Funding

Yearly Usage Calculation

CIW Curriculum and Test Licenses come in a package.

School yearly license usage is calculated by adding the initial license requests and the additional license requests. For example if you have:

  • 25 students in a class who get initial licenses (all students learning the curriculum need to be issued an initial license).

  • Only 20 of the students reach proficiency in the material and take the industry certification

  • 15 students pass the industry certification on the first attempt

  • The 5 who failed are given additional licenses and retest once

  • Total licenses used are 30

License Cost Calculation

Each year, in August, the cost to renew the CIW Contract is divided by the number of licenses used by the whole district, in the previous year. This cost is then assigned to each school's previous year's usage.
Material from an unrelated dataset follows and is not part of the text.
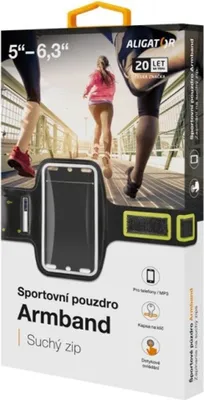 Zdjęcie produktu dla ALIGATOR Armband czarno-żółty sportowy futerał na rękę 5" - 6,3"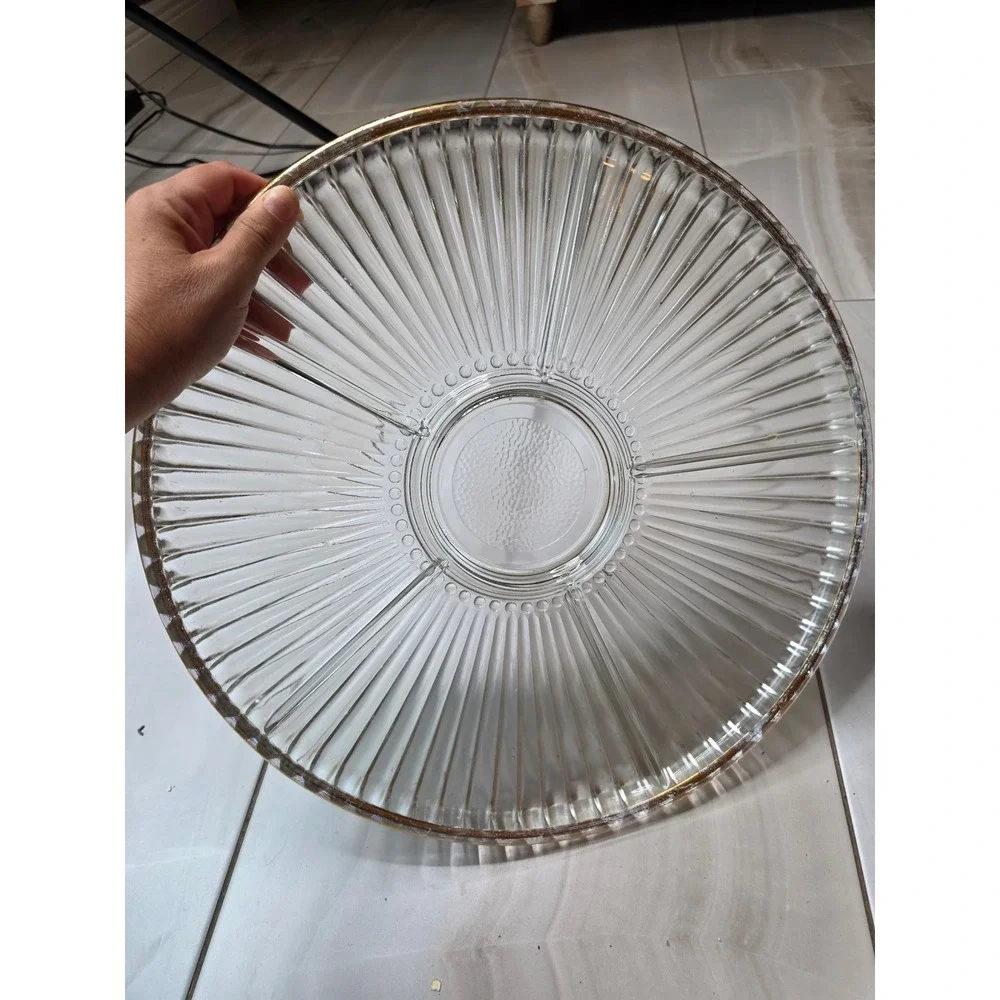 Vintage Divided Glass Relish Tray Gold Rim Ribbed 4 Section Round Server 14in E1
This sum is then taken out of the school's Industry Certification Bonus FTE Account. Schools then have access to as many licenses as necessary for the current school year.

License Cost Weight:

Please note that IBA, NTA & SDA use 1 license per exam, while all other CIW Industry Certifications cost 2 licenses per exam.

Each student access to the CIW ICT Digital Tool Suite costs .5 licenses per year.

Middle School Bonus FTE

Digital Tool: 0.025 FTE

Web Foundations Associate: 0.10 FTE

Advanced HTML5 &CSS3 Specialist: 0.2 FTE

Limit 0.1 FTE per student per year.

High School Bonus FTE

JavaScript Specialist: 0.2 FTE

Web Design Specialist: 0.2 FTE

Web Security Associate: 0.1 FTE

Advanced HTML5 &CSS3 Specialist: 0.2 FTE

Teacher Bonus

Digital Tools: $0.00

0.1 FTE Bonus IC: $25.00

0.2 FTE Bonus IC: $50.00

Per exam passed

Spending Industry Certification Money

Bonus FTE earned by schools from industry certifications must be spent back into the program that earned them. The general rule is that the funds may be spent on anything that supports the program, but does not supplant the program. For example, you may purchase upgrades for your computer lab or lego robots, but not a teacher unit.